For HPC, Nvidia decided to compare the H200 to the A100, saying that the new GPU is two times faster on average across the CP2K, GROMACS, ICON, MILC, Chroma and Quantum Espresso benchmarks.
When eight H200s are combined in an HGX H200-based system, the system can provide “32 petaflops of FP8 deep learning compute and 1.1TB of aggregate bandwidth memory for the highest performance in generative AI and HPC applications,” according to Nvidia.
Nvidia is promising to unleash further performance improvements in the future through software updates, like it did with the recently released TensorRT-LLM software library.
“Our relentless pursuit of energy efficient performance improvements through hardware and software remain a key focus as we move forward,” Harris said.
The H200 is based on the same Hopper architecture that powers the H100. This means, outside the new memory capabilities, the H200 sports the same features, such as the Transformer Engine, which speeds up LLMs and other deep learning models based on the transformer architecture.
GH200: Cloud Access Today, In Servers Soon
While the H200 won’t arrive in systems and cloud services until several months from now, the GPU will be available in the second-generation Grace Hopper Superchip, the GH200, much sooner.
Nvidia said the GH200 is available now in early access from two cloud service providers, Lambda and Vultr. Other cloud companies expected to offer GH200-based instances include Oracle Cloud Infrastructure and CoreWeave, with the latter set to open instances in the first quarter of 2024.

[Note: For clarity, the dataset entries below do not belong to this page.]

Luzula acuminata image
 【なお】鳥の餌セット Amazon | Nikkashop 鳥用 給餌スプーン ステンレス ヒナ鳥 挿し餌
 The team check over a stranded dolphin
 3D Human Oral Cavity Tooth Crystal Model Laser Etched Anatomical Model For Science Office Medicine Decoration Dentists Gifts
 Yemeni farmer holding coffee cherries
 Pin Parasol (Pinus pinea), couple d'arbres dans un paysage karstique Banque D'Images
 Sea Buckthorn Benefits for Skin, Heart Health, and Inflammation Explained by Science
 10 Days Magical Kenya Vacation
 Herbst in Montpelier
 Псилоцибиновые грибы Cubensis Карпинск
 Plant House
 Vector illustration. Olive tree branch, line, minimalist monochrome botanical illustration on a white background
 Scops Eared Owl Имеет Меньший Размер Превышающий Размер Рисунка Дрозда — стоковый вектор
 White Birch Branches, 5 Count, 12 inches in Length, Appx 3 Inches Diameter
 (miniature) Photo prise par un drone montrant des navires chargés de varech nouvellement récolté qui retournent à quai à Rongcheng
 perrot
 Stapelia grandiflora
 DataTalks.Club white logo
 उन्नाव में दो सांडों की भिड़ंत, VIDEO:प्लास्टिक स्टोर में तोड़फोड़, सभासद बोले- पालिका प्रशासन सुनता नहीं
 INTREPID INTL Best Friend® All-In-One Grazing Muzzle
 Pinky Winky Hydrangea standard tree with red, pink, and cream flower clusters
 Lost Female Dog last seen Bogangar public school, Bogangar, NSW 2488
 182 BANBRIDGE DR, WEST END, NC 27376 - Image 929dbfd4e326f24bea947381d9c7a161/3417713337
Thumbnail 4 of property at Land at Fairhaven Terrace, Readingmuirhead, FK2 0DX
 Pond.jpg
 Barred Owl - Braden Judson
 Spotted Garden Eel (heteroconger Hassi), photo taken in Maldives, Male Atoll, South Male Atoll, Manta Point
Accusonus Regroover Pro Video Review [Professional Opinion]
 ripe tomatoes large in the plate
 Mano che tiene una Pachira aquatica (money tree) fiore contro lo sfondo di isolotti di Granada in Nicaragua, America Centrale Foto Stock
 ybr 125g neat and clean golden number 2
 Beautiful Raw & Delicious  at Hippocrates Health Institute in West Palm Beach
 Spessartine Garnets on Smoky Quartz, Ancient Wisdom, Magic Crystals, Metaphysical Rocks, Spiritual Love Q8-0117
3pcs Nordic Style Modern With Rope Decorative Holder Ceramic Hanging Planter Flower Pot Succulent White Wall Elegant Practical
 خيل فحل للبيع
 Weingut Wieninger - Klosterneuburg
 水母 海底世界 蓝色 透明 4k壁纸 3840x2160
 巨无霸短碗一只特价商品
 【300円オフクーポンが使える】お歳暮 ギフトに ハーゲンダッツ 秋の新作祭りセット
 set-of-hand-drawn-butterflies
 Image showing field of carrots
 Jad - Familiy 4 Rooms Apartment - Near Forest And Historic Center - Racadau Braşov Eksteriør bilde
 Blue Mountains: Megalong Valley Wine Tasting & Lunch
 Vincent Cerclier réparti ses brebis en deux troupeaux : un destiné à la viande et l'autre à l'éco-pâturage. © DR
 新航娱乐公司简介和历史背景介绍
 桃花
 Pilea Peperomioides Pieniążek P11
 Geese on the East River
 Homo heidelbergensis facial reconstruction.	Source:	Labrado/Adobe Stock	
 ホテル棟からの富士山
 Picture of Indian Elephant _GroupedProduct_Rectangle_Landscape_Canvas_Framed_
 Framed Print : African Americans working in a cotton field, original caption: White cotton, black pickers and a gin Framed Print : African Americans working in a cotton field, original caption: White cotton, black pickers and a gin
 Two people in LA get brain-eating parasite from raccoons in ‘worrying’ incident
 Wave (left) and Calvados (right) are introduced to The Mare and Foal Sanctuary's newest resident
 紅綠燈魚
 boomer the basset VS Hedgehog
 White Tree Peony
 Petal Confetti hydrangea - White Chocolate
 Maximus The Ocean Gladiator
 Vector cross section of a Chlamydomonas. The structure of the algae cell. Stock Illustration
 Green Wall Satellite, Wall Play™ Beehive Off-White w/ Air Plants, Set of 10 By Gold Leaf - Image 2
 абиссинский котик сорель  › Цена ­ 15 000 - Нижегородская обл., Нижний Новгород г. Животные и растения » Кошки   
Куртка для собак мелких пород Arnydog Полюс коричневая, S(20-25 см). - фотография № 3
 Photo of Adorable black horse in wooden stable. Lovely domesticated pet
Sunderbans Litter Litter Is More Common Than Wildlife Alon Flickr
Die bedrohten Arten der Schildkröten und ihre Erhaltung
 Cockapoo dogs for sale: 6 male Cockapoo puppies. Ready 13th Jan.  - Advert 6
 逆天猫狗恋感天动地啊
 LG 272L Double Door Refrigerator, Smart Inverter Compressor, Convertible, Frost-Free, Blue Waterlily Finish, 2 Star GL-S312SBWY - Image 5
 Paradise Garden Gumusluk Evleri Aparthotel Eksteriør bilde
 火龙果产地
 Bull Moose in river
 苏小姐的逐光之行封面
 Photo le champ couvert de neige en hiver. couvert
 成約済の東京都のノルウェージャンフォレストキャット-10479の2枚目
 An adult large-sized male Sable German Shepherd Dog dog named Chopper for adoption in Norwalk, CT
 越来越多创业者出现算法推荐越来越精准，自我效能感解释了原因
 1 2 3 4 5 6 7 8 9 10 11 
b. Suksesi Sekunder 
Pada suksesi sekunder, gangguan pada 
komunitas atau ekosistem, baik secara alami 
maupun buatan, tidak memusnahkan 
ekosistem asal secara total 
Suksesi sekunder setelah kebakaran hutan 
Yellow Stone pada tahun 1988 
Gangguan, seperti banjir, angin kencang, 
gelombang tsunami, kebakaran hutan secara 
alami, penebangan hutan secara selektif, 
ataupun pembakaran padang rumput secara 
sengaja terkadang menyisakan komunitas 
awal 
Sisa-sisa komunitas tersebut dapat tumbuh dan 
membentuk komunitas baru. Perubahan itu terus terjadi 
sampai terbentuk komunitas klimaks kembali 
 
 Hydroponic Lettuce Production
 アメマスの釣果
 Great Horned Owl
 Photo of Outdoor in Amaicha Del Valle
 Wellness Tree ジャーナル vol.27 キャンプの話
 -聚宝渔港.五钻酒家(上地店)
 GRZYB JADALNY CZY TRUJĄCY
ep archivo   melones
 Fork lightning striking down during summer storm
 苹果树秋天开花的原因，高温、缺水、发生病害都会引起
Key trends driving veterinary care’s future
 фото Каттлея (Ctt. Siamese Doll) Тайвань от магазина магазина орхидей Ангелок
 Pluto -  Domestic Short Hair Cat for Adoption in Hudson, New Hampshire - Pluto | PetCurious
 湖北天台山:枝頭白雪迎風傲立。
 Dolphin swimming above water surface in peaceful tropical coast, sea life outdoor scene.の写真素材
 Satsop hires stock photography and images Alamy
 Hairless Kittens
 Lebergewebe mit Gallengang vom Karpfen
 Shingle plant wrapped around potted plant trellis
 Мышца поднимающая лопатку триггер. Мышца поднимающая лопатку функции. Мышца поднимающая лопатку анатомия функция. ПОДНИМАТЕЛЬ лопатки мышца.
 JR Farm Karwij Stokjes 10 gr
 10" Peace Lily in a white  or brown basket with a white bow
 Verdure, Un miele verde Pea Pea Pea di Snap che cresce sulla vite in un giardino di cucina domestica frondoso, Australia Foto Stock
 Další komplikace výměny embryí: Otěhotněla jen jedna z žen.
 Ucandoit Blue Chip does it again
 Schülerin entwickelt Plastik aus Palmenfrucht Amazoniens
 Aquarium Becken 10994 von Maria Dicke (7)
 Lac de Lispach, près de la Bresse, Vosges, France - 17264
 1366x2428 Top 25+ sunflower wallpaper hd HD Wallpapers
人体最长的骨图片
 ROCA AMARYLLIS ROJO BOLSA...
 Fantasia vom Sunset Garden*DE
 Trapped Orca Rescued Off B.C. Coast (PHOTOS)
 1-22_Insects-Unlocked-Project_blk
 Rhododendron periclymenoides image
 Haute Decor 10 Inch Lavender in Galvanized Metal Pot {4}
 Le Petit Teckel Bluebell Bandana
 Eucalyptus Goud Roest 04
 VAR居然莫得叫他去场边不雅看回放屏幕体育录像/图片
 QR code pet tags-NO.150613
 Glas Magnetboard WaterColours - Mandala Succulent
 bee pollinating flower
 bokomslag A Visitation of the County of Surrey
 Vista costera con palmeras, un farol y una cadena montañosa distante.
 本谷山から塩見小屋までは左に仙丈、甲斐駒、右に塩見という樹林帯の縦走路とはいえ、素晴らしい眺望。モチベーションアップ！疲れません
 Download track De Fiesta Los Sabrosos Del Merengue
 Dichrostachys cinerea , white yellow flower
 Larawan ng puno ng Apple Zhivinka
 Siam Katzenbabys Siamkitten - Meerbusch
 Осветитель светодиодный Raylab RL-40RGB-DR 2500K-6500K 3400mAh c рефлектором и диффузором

As for server vendors, ASRock Rack, Asus, Gigabyte and Ingrasys plan to start shipping GH200-based systems by the end of the year.
The company said the Grace Hopper Superchip family has been adopted through early-access programs by more than 100 enterprises, organizations and government agencies so far, including the NASA Ames Research Center and global energy company TotalEnergies.